>>>>>
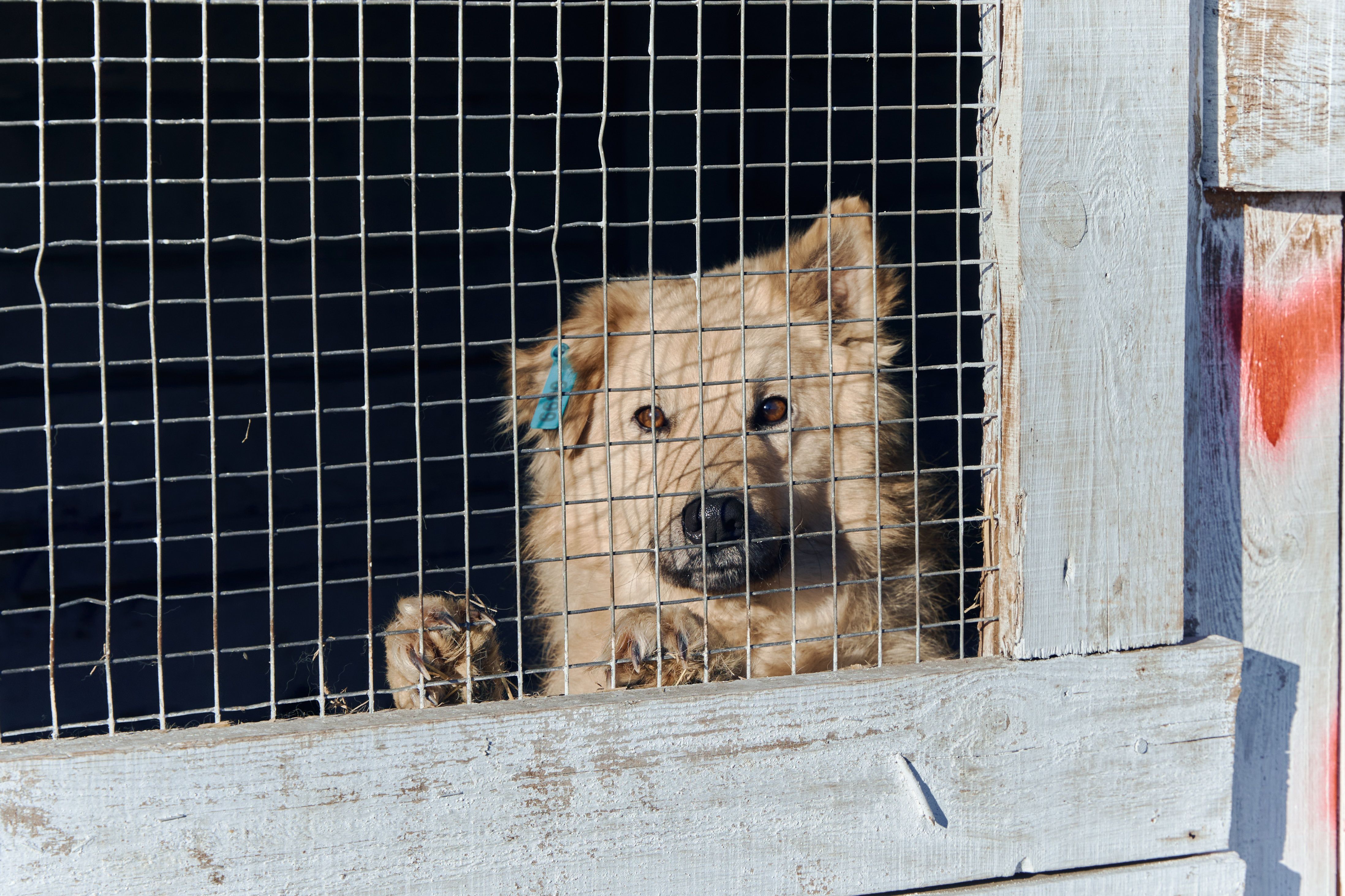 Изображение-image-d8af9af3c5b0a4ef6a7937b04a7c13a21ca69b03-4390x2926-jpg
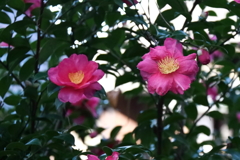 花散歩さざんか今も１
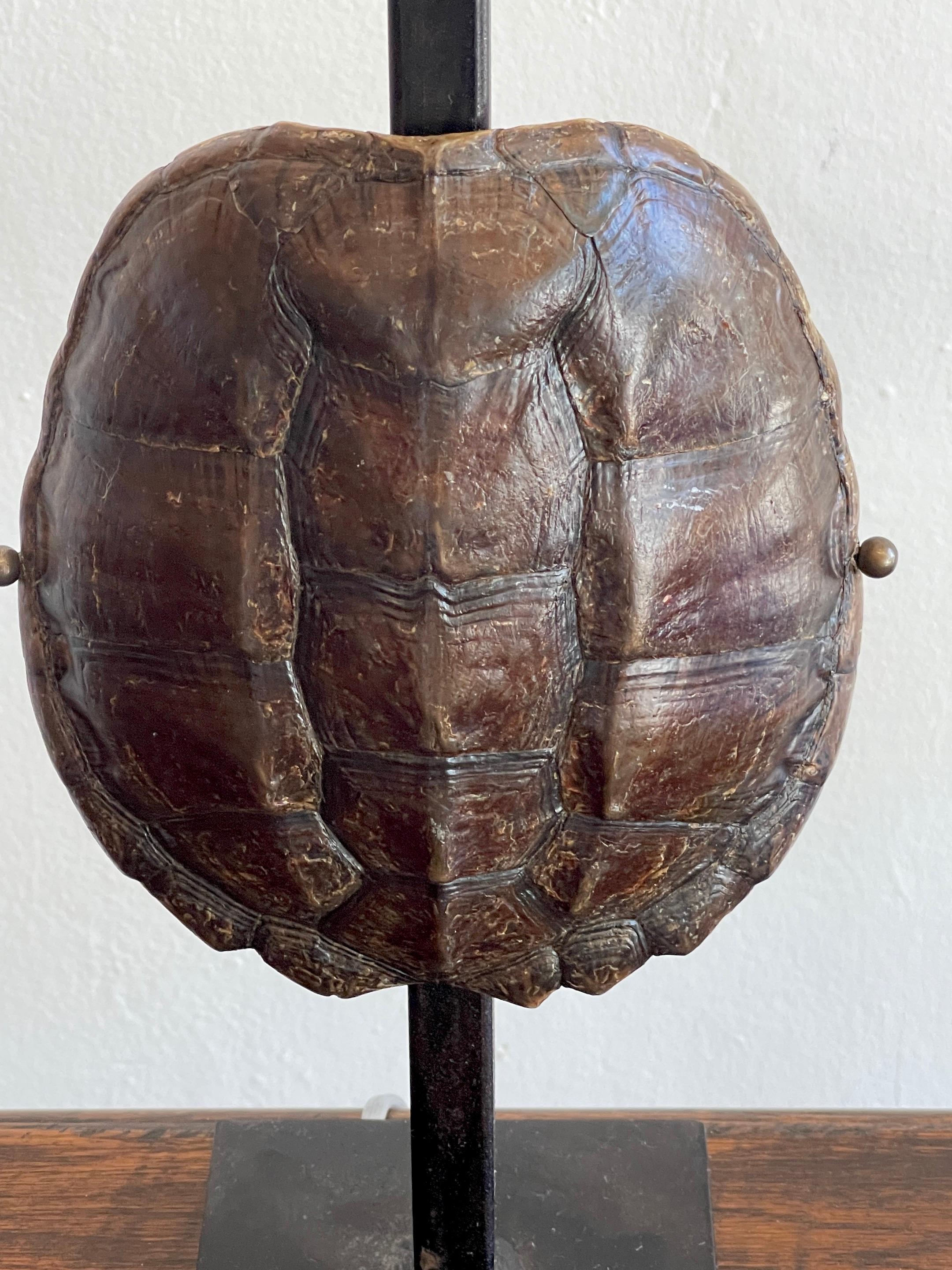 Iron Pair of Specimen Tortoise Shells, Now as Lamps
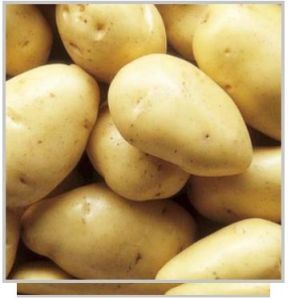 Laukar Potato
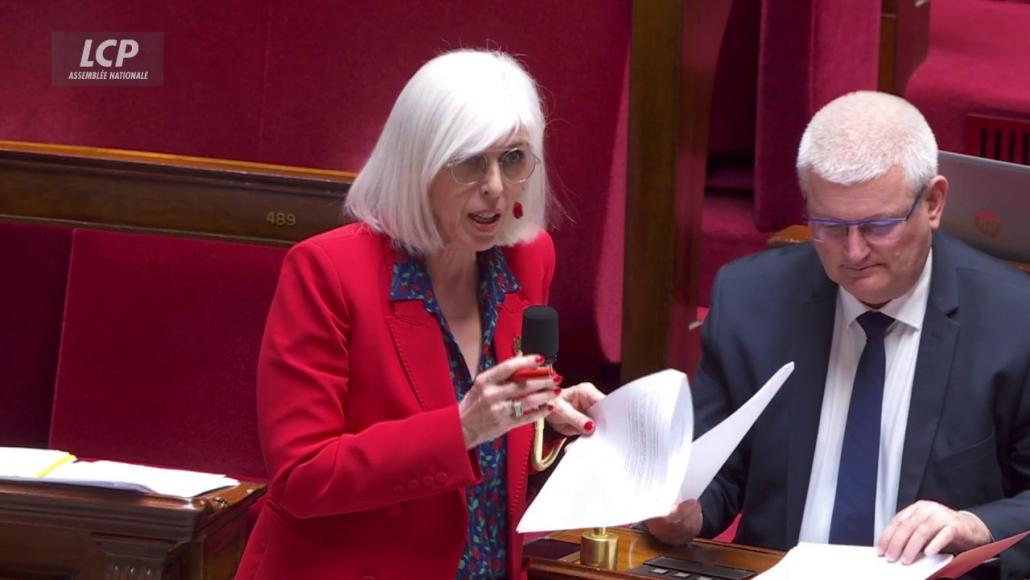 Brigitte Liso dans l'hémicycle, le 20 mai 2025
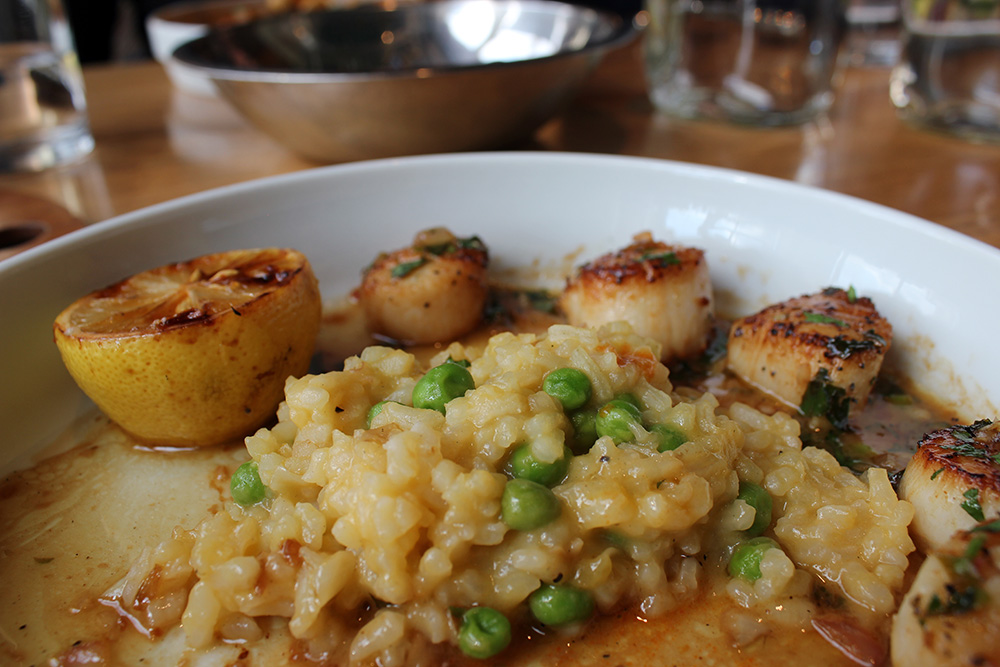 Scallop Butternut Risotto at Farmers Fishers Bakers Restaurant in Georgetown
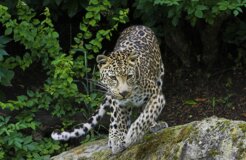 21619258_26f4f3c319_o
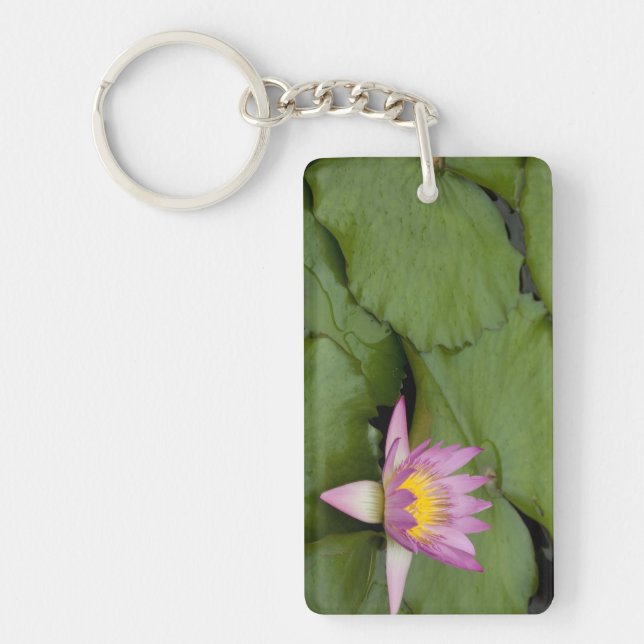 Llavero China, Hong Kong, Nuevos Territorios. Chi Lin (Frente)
<<<<<
» **DIRECTIONS**
The complete material, set down exactly and stripped of pictures, is the expected response.

» **RESULT**
 Изображение-image-d8af9af3c5b0a4ef6a7937b04a7c13a21ca69b03-4390x2926-jpg
 花散歩さざんか今も１
 Iron Pair of Specimen Tortoise Shells, Now as Lamps
 Laukar Potato
 Brigitte Liso dans l'hémicycle, le 20 mai 2025
 Scallop Butternut Risotto at Farmers Fishers Bakers Restaurant in Georgetown
 21619258_26f4f3c319_o
 Llavero China, Hong Kong, Nuevos Territorios. Chi Lin (Frente)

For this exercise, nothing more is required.